Position: Unconditional Education Coach
I began my educational career as a third-grade teacher in St. Louis Missouri. Before teaching, I always knew that I wanted to go to graduate school for school social work and knew that having experience in the classroom would make me a better resource to my teacher colleagues. After two great years in St. Louis, I moved to Minneapolis, where I completed my graduate studies in social work at the University of Minnesota, and worked a school social worker at Whittier Elementary School.
When I was looking at relocating to the Bay Area, I came across Seneca’s Unconditional Education Program. I read “Unconditional Care” by Sprinson and Berrick and started to implement what I had learned into my role as a school social worker. When I saw the opening for a UE coach position, I knew it was a perfect fit! I am honored to be in the position to serve an elementary school supported by so many resources and great talent.
I can talk with my mouth closed (kind of like an amateur ventriloquist).
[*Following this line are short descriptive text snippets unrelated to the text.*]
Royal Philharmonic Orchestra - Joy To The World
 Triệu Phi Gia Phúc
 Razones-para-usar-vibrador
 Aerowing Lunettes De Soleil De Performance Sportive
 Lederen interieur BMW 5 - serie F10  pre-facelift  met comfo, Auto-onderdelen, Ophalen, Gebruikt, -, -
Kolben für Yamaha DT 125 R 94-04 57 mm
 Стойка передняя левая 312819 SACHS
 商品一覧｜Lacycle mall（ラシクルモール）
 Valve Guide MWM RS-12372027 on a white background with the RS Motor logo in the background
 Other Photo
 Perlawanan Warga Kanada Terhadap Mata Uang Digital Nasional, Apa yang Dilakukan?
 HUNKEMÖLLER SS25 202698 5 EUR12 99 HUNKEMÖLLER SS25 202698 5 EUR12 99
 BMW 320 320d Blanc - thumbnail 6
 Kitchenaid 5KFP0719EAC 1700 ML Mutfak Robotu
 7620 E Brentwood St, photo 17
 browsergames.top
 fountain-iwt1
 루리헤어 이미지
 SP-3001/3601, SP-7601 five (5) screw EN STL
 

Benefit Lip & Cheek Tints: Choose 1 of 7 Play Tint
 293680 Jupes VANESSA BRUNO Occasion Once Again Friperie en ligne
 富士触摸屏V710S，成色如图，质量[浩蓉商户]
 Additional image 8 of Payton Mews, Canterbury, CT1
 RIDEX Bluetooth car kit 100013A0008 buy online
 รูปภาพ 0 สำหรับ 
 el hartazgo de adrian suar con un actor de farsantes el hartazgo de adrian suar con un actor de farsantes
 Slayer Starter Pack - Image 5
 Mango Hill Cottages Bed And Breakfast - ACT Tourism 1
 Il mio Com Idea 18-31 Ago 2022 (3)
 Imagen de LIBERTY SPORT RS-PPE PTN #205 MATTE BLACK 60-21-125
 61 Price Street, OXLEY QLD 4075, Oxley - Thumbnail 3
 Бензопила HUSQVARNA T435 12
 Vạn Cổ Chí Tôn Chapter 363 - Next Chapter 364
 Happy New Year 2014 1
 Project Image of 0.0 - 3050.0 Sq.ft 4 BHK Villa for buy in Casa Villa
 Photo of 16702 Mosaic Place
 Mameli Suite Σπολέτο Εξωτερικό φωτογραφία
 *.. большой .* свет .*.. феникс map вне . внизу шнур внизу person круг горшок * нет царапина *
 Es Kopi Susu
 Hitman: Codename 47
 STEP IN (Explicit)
What does your average day look like?
I am an early riser! I wake up well before 6AM so that I can spend time with my family before going to work. Then I hop on my bike to school. The ride and the cool morning air help clear my mind and relax my body. When I get to work, I start with emails and then preparing for groups. My office is located right by one of the school’s entrances, so I leave my door open to greet staff as they come in. By some stroke of luck, one of my first morning duties is holding the kindergarten door. I love to imagine adults entering their work buildings with the joy that kindergartners enter our school building! After this, all days look different with a common element: creating and refining standing school systems as well as managing social emotional, behavioral, and mental health services for students. I spend time conducting social skills groups with students, facilitating school team meetings, and problem solving with staff and students.
After school, I bike to my baby’s daycare and pick her up to enjoy some downtime as a family. My partner is a wonderful cook and I love a good book before an early bedtime, which is a great combo!
Why do you do this work?
Holding the stories of our students and their families is both an honor and a gift. When I read this question, faces of students, parents, co-workers flashed through my head. Through this work, I have learned and grown so much from all the various people I have met whether it be co-workers, students, families or community members. I do this work because I believe that schools can be one of the biggest agents of change in a person’s life. I believe that a good education is a right for all students.
What hope do you have for the future of All-In?
All – In is very data driven, this is one of my many favorite things about the program. I would love it if we could develop and package an “All-in” social emotional data system that we could share with schools all over the country. In the meantime, I hope that we continue to check back with schools that we have exited out of for feedback on how to keep the program working even after Seneca leaves.